#### [Source data]

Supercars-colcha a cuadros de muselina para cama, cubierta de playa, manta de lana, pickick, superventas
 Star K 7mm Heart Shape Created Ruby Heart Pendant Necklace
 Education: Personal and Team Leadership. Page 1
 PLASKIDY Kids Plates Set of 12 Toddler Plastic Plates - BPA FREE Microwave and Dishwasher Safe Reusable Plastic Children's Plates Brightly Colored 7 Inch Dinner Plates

#### [Exercise]
What is wanted is an exact copy of the data.

#### [Exercise answer]
Supercars-colcha a cuadros de muselina para cama, cubierta de playa, manta de lana, pickick, superventas
 Star K 7mm Heart Shape Created Ruby Heart Pendant Necklace
 Education: Personal and Team Leadership. Page 1
 PLASKIDY Kids Plates Set of 12 Toddler Plastic Plates - BPA FREE Microwave and Dishwasher Safe Reusable Plastic Children's Plates Brightly Colored 7 Inch Dinner Plates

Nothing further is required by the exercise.